Julia Szabo, a sociology graduate student and the study’s lead author, said the debate over virtual versus in-person schooling during the early days of the pandemic inspired her article, which included interviews in the summer and fall of 2020 with 21 Latino families with children enrolled at a Houston-area charter school.

“Many educational leaders said that vulnerable, low-income and/or non-white families needed access to in-person instruction, citing historic achievement gaps and arguing the pandemic would exacerbate inequality,” she said. “However, as schools reopened in major cities, enrollment patterns did not reflect this.”

Szabo said Hispanic families in her study regularly had to put themselves at risk of contracting COVID-19, usually due to work obligations.

“While high-wage workers transitioned to working at home, many low-wage workers did not have this option,” Szabo wrote in the paper. “Parents who worked in construction, manufacturing and cleaning continued to work in person throughout the pandemic, and they experienced the risks of COVID-19 because of this work.”

As a result, Hispanic parents who were unwilling to introduce any unnecessary threats to their families often saw virtual learning as a way to lower their risk.

“They sent us a survey about if we wanted the children to go back to school or not, and I mean, at this moment, I say no,” one respondent said during an interview with Szabo. “There are so many infected people … I want the minimum contact and exposure to others and the virus that I can have so that they cannot bring it into my home, this is my concern.”

“In our home we’ve had three scares because men who work with my husband had it,” said another interview participant. “One colleague died. … It was very difficult.”

The decision to keep children from returning to in-person school in fall 2020 came alongside an acknowledgment that virtual schooling was not as beneficial in the long run.

“It’s not the same instruction, you know, it’s a hard decision,” one of the parents said in an interview.

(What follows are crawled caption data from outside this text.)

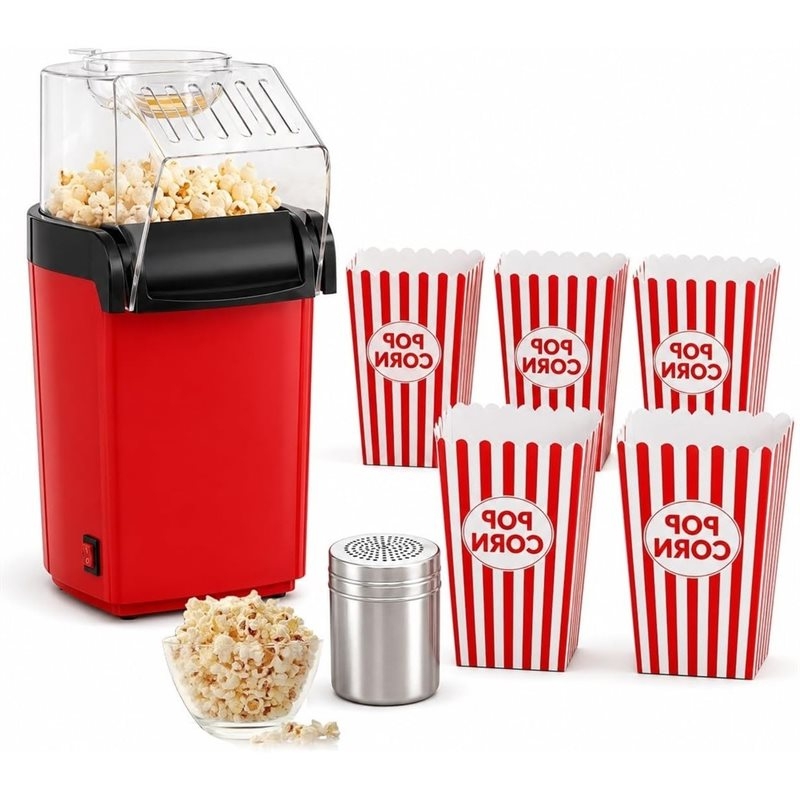 Air Popcorn Maker - เครื่องทำป๊อปคอร์นด้วยลมร้อน A74X พร้อมกล่องป๊อปคอร์น 5 ใบและที่เขย่าเครื่องปรุงรส ความจุ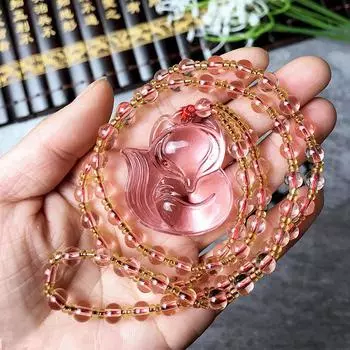 Ожерелье с подвеской в виде головы лисы, цветущий персиковый цвет, дух лисы, действие, роль испробована жёлтый/прозрачный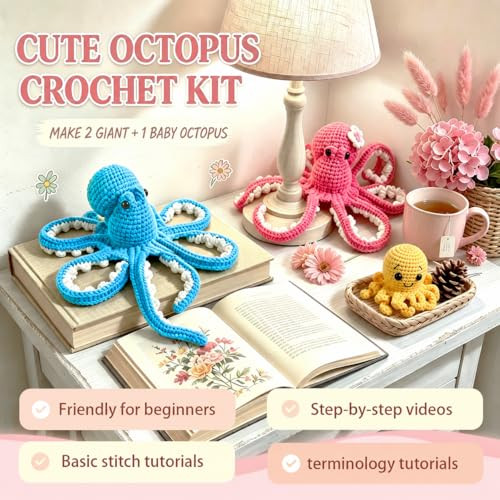 Magimuse Crochet Kit For Beginners Octopus Family Amigurumi Craft Kit Includes StepByStep Video Tutorials And 40% More Yarn Ideal For Beginner Crochet Projects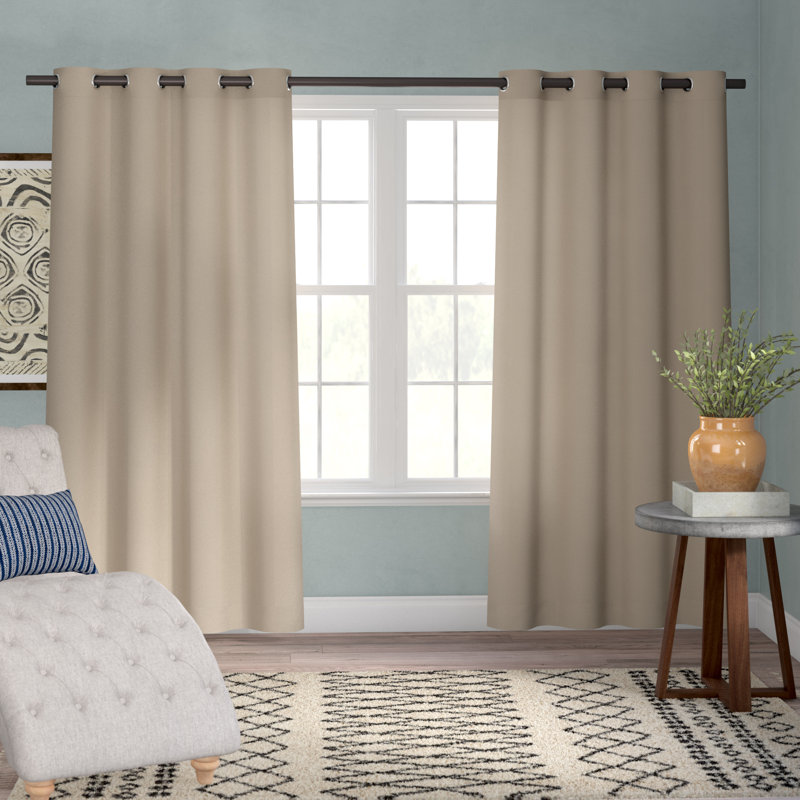 Biscayne Indoor/Outdoor Two Tone Textured Grommet Top Curtain Panel Pair, 54" W x 120" L, Ivory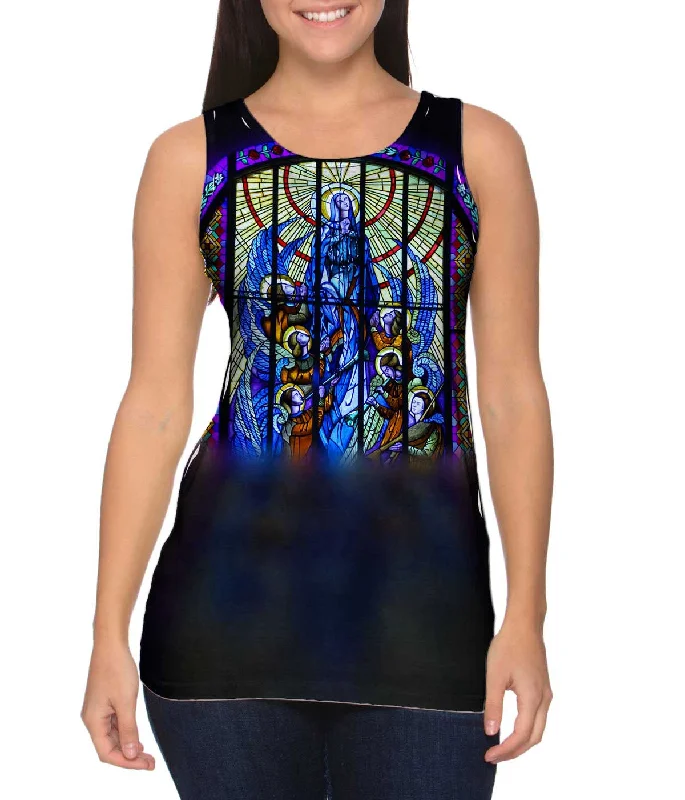 Plus Size Women's Glitter - Trimmed Tank Tops for Party Nights"Stained Glass Church" Plus Size Women's Glitter - Trimmed Tank Tops for Party Nights"Stained Glass Church"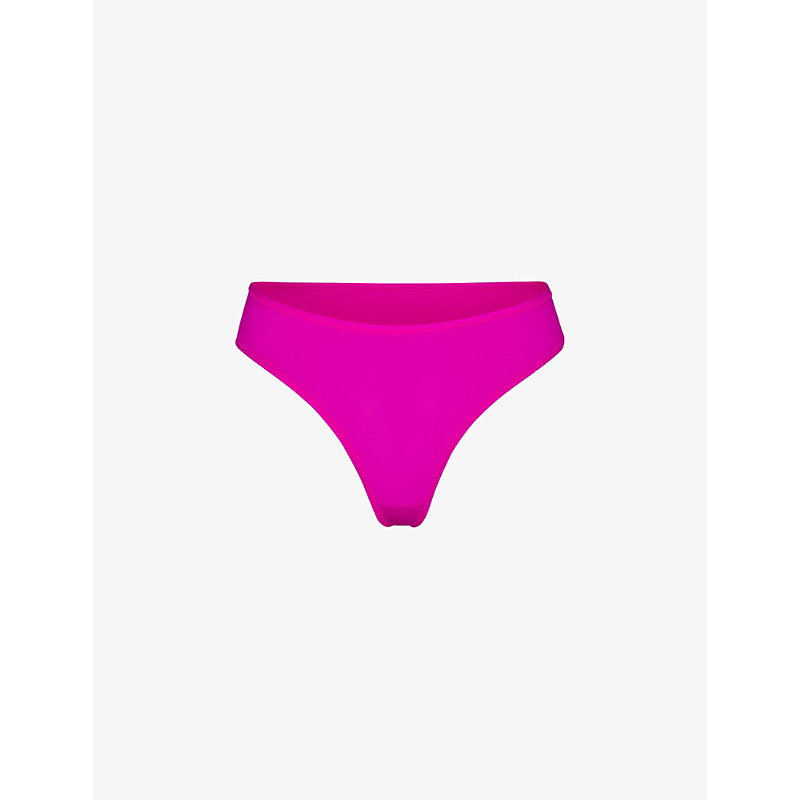 Skims Womens Fuschia Fits Everybody Mid-rise Stretch-woven Thong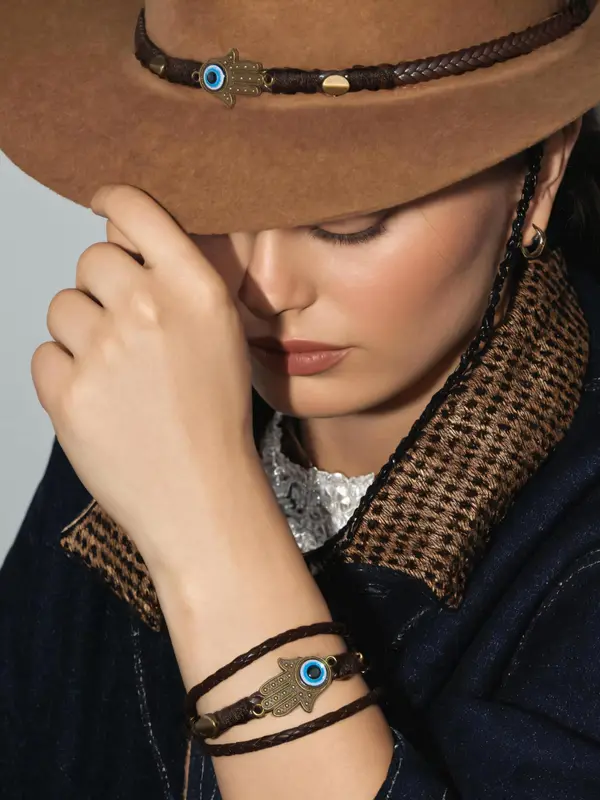 Women's Cowboy Style Bracelet & Hat Chain, Boho Style Jewelry Set for Women & Girls, Trendy All-match & Exquisite Jewelry for Birthday Gift 4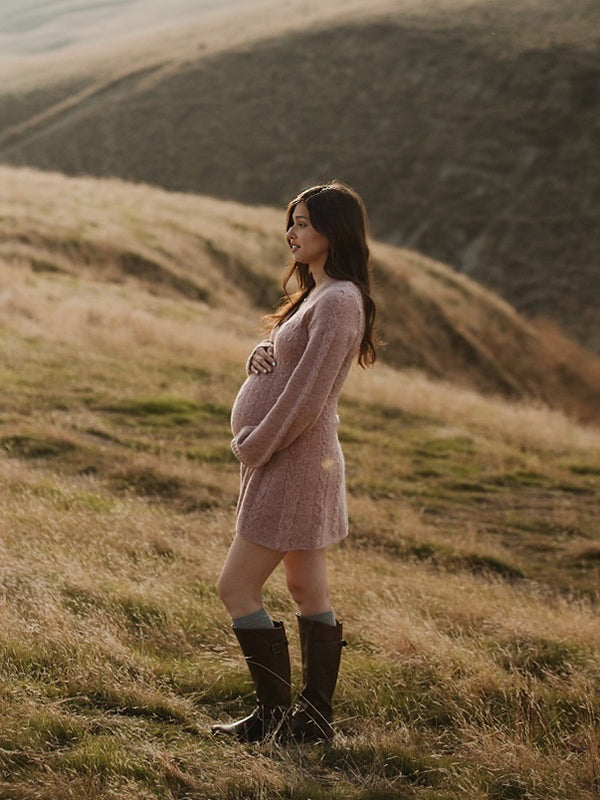 Beaumama robe pull courte grossesse élégant chic tricot torsadé trapèze manchon de lanterne femme enceinte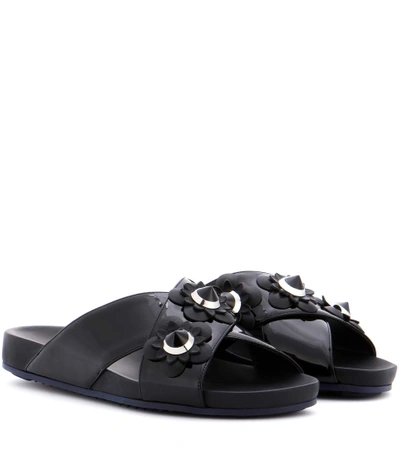 Fendi Flowerland Embellished Patent Leather Crisscross Slides In Black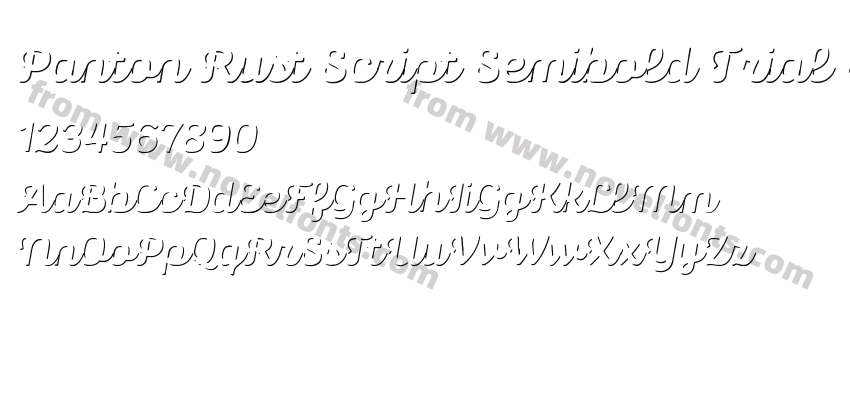 Panton Rust Script Semibold Trial ShadowPreview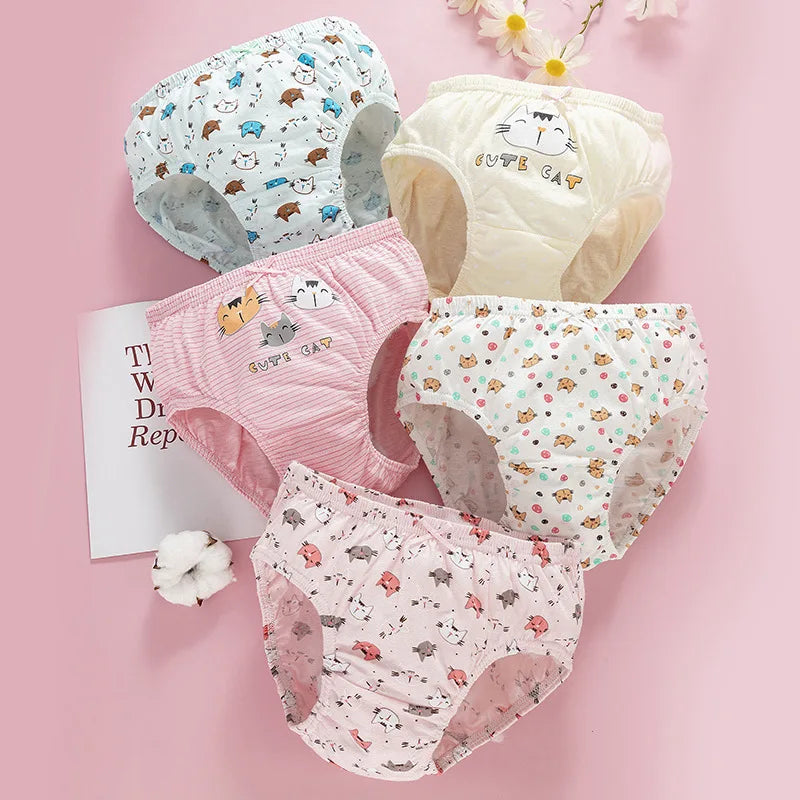 Girls Cotton Briefs 5-Pack – Ages 2–14
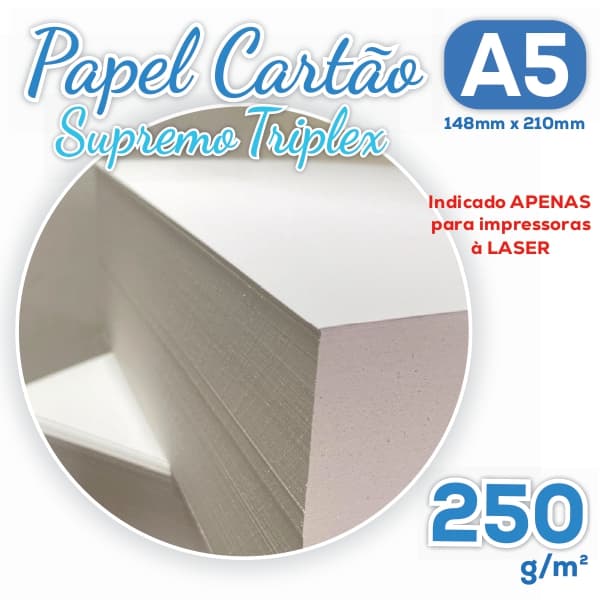 Papel Cartão Supremo Triplex A5 250g Pacote com 100 Folhas - Alta Gramatura 148x210mm P/ Laser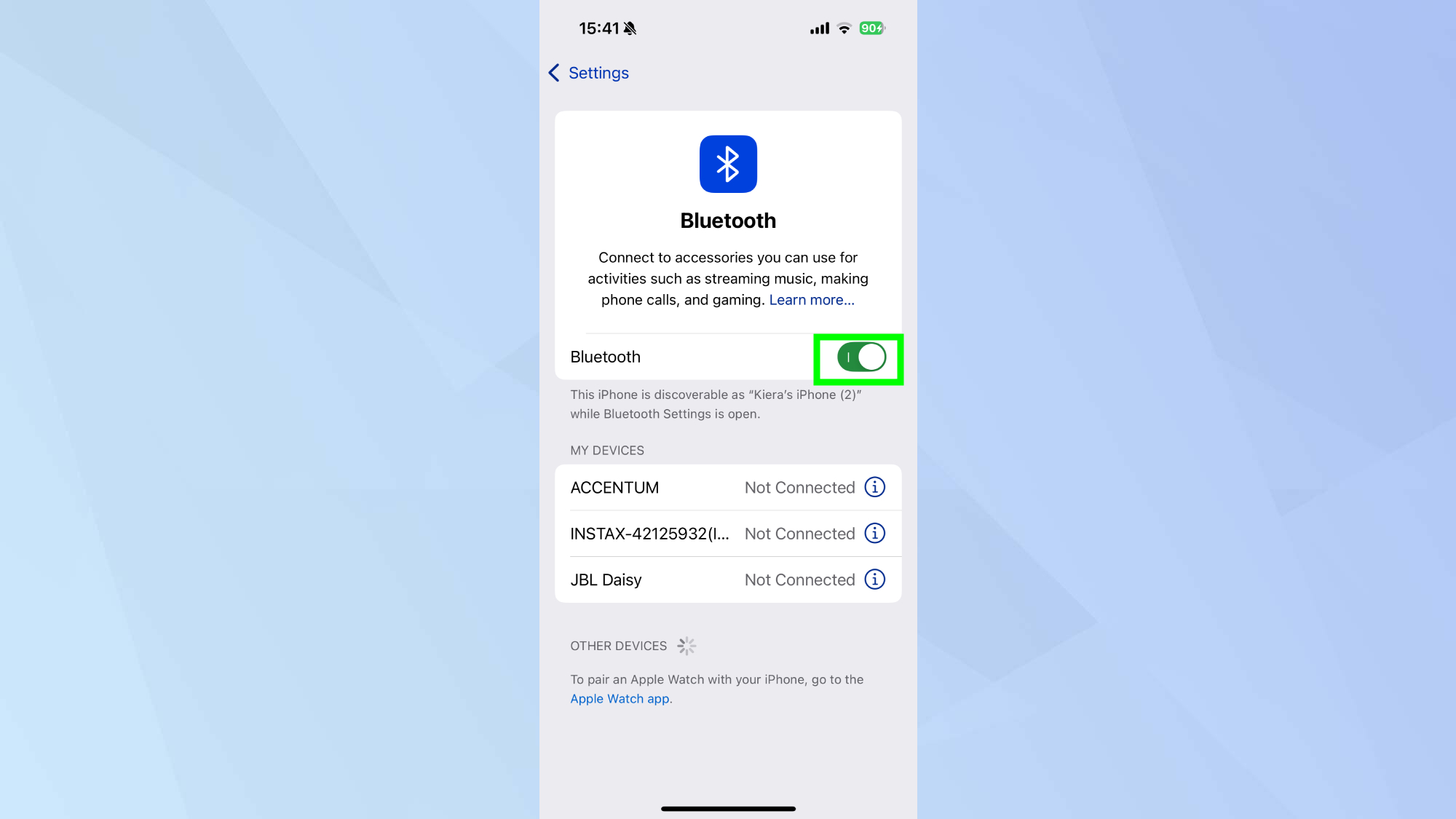 Bluetooth activé sur iPhone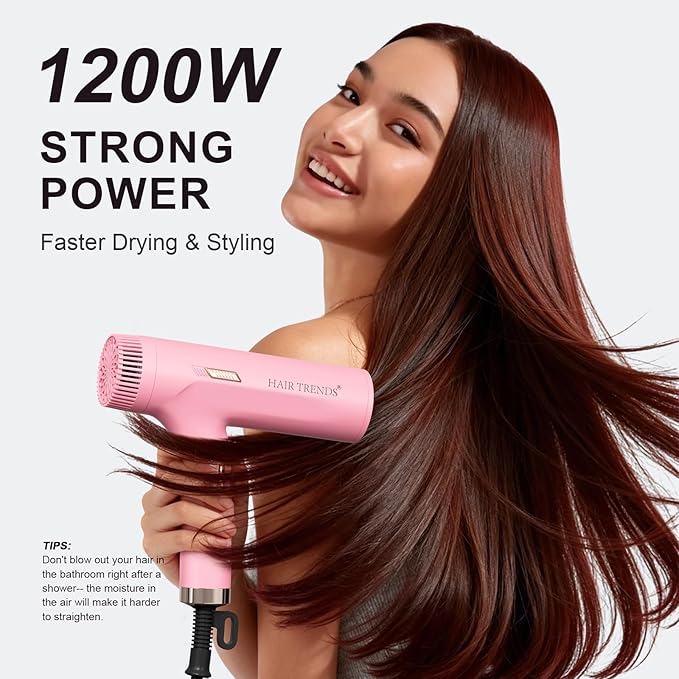 Dual Voltage (110V-240V) Travel Hair Dryer with Diffuser,1200W Foldable Compact Hair Dryer for Women Lightweight, Portable Cruise Essential Pink Blow Dryer for International Trip & Dorm Use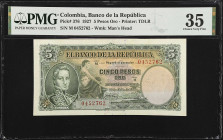 COLOMBIA. El Banco de la Republica. 5 Pesos Oro, 1927. P-376. PMG Choice Very Fine 35.
Printed by TDLR. Watermark of man's head. PMG comments "Minor ...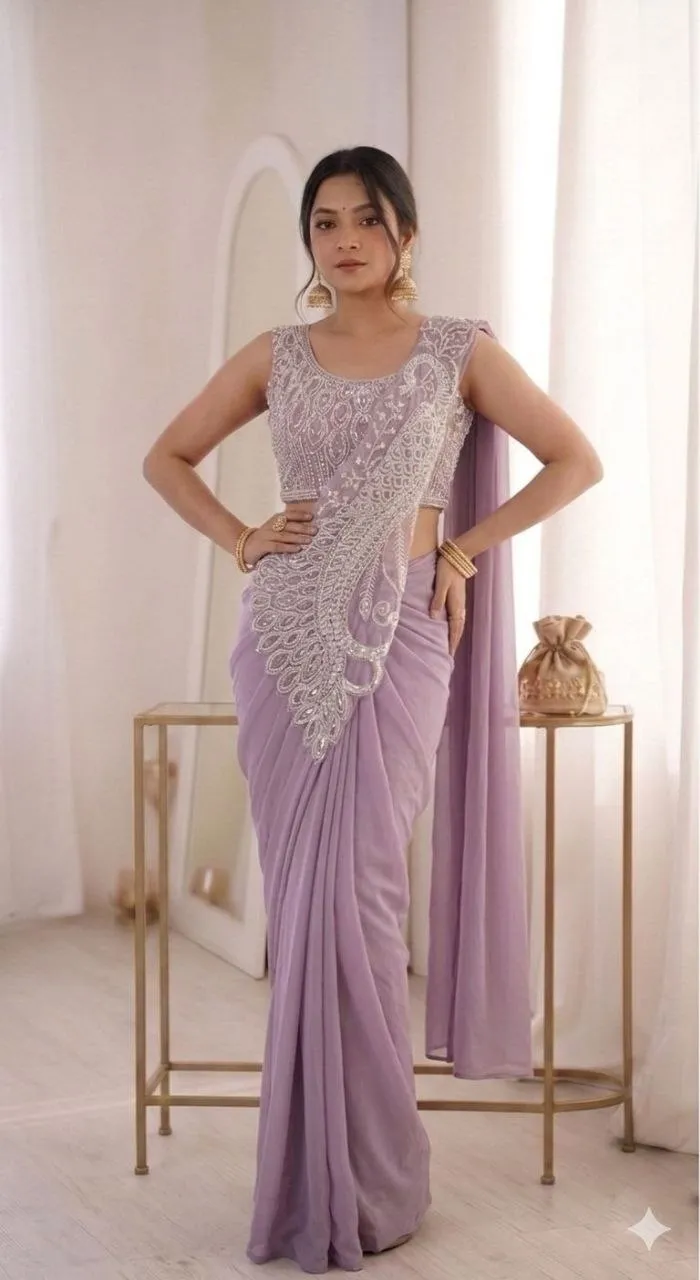 Madhuri 263 Lavender Ready To Wear Saree with Heavy Sequin Embroidery Blouse | Georgette Designer Wedding Party Wear Saree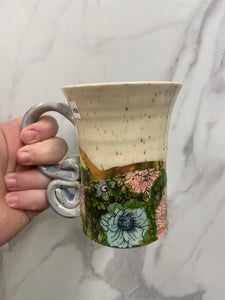 Floral Mug with REAL GOLD Details | Purple Handle | ~14oz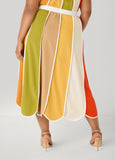 Striped Paneled Midi Skirt
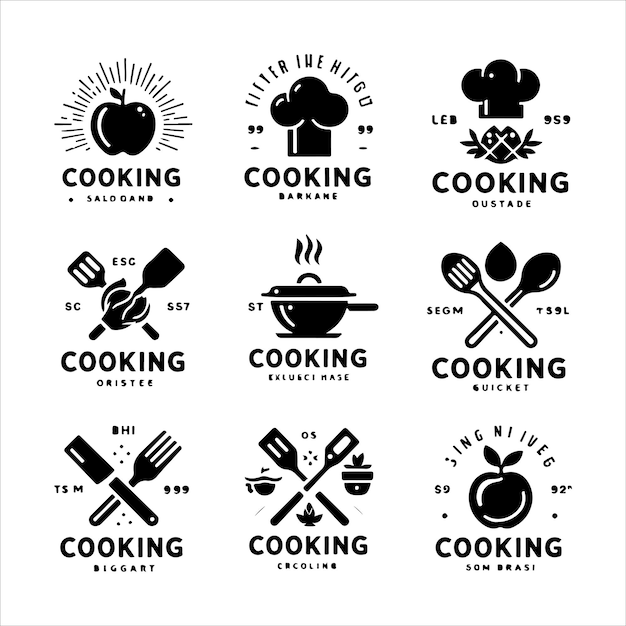 Vector vintage cooking logos badges silhouette vector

Szabo said data on school enrollment collected during the pandemic showed white families sent their children for in-person instruction at higher rates and were less likely than Latinos and Blacks to support mask mandates in schools. She said these decisions may be attributed to factors such as higher-income families having access to larger houses with room to quarantine sick family members, access to better health insurance, and access to remote work and/or job benefits that allow family members to miss work to care for sick relatives.

“These resources are not equally distributed in the United States, leaving some communities and families more vulnerable to the pandemic than others,” Szabo said.

Szabo hopes the research will encourage school districts to consult with parents or caregivers of students to better understand how virtual versus in-person options affect individual families.